There is a need for more information on how gender perspectives could be integrated into climate policies. Although the Nordic countries are different, this project aims to explore the possibility of a simple common structure on how to integrate gender into climate policies that can help each country on our way forward to national implementation.
Gender mainstreaming in the UNFCCC-process
At COP 25 (Madrid 2019) the Parties to the UNFCCC adopted a five year enhanced Lima work programme on gender and a gender action plan
The gender action plan (GAP) sets out five priority areas that aim to advance knowledge and understanding of gender responsive climate action and its coherent mainstreaming in the implementation of the UNFCCC. It covers the work of Parties, the secretariat, United Nations entities and all stakeholders at all levels, and aims at guaranteeing women’s full, equal and meaningful participation in the UNFCCC process.
Gender mainstreaming in the Nordic countries
All the Nordic countries have a progressive gender policy, and requirements to ensure gender equality and balance are laid down in laws and national strategies. However, the knowledge on the links between gender and climate change needs to be further documented and shared with relevant Nordic stakeholders and policy makers working with climate change. Without clear evidence of its importance, it will be more difficult to engage and to prioritize. It is therefore vital, as a first step, to get a comprehensive understanding of how climate change policies affect gender and vice versa to implement a climate change policy that doesn’t have negative effects on gender. It is important to note that UN Women and other organisations have extensive data on how climate change affects men and women in countries across the world, however, we need specific evidence in relation to the Nordic countries. This is due to our political, social, and societal structure which highly effects the type of issues we deal with.

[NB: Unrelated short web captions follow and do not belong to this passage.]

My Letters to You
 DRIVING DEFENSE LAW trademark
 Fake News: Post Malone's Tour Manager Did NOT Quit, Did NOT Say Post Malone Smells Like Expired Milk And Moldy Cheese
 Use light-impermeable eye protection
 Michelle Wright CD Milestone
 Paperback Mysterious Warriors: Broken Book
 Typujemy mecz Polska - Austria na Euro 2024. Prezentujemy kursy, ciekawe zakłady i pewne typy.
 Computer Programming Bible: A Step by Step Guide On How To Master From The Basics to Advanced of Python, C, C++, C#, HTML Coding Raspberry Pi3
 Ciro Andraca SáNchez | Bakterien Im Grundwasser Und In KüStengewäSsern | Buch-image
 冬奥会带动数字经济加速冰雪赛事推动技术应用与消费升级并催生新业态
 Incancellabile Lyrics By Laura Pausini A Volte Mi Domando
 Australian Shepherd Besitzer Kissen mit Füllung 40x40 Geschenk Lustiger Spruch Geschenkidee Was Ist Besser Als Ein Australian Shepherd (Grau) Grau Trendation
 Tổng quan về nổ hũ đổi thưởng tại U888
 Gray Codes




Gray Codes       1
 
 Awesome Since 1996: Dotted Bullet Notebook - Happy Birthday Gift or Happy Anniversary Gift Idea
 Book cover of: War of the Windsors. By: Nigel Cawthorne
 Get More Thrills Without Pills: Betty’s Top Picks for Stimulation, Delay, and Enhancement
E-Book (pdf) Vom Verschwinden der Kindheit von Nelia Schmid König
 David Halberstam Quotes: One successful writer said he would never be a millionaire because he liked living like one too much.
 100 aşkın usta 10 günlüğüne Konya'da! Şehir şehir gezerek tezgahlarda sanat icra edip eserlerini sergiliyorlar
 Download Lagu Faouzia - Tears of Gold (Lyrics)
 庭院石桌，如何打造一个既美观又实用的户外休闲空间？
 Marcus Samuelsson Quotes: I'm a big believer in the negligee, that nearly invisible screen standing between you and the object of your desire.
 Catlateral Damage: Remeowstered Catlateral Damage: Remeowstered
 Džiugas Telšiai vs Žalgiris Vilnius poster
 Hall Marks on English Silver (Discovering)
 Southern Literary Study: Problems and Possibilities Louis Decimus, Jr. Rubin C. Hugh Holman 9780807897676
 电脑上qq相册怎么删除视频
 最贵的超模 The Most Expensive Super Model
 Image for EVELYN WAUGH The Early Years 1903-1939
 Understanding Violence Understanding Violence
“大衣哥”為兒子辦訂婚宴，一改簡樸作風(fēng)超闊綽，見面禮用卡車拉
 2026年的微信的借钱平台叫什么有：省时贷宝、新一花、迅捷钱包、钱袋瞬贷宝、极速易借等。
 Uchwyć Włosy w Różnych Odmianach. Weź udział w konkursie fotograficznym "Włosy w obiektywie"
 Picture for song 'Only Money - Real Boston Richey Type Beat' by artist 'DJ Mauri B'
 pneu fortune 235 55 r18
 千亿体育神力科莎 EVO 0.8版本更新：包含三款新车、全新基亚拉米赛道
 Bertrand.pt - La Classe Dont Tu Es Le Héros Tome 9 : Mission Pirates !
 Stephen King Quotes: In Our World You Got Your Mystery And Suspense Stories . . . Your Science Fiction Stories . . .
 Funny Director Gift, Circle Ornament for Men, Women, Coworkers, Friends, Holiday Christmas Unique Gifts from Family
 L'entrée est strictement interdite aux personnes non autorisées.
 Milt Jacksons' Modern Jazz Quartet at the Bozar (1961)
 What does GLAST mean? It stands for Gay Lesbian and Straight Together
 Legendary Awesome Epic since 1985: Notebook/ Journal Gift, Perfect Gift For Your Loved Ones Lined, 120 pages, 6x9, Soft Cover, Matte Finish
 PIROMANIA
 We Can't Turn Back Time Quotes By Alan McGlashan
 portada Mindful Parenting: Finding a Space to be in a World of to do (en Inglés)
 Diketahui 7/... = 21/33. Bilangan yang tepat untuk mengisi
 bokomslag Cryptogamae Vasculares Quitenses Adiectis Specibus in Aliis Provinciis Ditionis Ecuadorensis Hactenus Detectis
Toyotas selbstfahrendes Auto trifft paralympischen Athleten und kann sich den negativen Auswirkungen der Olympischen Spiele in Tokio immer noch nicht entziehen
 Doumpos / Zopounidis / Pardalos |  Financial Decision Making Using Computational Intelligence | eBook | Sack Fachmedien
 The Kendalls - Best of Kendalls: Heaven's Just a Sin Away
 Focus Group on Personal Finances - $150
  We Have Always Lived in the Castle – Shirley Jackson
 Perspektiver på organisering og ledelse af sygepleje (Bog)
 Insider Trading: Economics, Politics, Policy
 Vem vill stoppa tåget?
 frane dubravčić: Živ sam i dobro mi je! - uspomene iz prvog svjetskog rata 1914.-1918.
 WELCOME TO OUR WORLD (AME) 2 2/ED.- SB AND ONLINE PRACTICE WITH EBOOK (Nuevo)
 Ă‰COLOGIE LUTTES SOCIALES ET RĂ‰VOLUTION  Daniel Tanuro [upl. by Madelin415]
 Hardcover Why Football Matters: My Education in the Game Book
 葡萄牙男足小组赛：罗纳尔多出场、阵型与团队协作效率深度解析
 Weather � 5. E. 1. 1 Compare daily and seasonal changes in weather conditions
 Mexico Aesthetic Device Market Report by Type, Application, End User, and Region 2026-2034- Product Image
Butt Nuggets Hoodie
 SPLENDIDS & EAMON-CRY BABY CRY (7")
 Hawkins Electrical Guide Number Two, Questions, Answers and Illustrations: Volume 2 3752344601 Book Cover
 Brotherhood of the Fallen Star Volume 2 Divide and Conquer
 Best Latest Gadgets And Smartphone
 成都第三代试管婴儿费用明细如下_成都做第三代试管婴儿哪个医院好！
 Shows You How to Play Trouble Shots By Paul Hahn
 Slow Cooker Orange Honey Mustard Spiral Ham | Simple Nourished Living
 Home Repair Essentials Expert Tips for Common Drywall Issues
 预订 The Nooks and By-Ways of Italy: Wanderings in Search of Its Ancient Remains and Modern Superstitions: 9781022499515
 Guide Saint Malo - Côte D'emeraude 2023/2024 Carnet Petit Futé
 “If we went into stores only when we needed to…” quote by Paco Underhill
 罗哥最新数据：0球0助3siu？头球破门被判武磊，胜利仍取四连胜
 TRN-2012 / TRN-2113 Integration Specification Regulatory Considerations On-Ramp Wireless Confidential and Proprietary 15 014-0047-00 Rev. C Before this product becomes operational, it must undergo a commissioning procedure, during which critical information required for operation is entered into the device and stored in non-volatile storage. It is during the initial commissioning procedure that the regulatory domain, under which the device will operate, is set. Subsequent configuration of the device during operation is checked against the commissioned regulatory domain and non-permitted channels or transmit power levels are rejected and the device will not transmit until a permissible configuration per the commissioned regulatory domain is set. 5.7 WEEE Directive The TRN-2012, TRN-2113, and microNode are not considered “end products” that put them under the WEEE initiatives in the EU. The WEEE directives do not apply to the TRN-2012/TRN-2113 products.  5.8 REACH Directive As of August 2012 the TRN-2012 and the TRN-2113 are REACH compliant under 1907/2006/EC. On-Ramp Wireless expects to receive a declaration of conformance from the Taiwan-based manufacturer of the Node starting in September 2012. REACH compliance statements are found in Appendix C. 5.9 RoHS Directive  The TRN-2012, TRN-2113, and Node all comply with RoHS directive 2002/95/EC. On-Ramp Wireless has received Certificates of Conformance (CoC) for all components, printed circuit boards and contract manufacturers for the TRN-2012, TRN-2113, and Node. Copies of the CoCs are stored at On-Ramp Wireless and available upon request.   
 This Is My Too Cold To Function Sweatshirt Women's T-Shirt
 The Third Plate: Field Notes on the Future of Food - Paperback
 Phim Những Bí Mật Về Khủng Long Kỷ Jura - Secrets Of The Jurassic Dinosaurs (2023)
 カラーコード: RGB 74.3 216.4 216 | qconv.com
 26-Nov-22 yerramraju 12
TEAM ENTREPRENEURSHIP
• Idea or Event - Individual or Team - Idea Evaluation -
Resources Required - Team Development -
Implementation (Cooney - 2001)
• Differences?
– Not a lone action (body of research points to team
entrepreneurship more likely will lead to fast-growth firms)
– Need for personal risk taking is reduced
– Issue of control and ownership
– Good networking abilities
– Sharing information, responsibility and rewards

The Nordic countries are right now on their paths to implement the Paris Agreement. There is a need for more information on how gender perspectives could be integrated into climate policies. To support the effort, there is a need for sex-disaggregated data. Although the Nordic countries are different, this project aims to explore the possibility of a simple common structure on how to integrate gender into climate policies that can help each country on our way forward to national implementation.
Gender equality in decision-making at all levels related to climate change policy are essential to ensure equal representation of women and men in policymaking. The project should deliver an overview of the status in the Nordic countries regarding gender-equality in decision-making related to climate-change policies.
The project has three specific objectives:
- to analyse how climate policies affect gender equality and vice versa in the Nordic countries and thereby improve the development of climate policies and integration of a gender perspective into policies and programmes on climate change.
- to identify what sector inclusion and data are relevant to enable an efficient implementation of gender into climate change policies.
- to get an overview of participation of women in decision-making processes on climate change.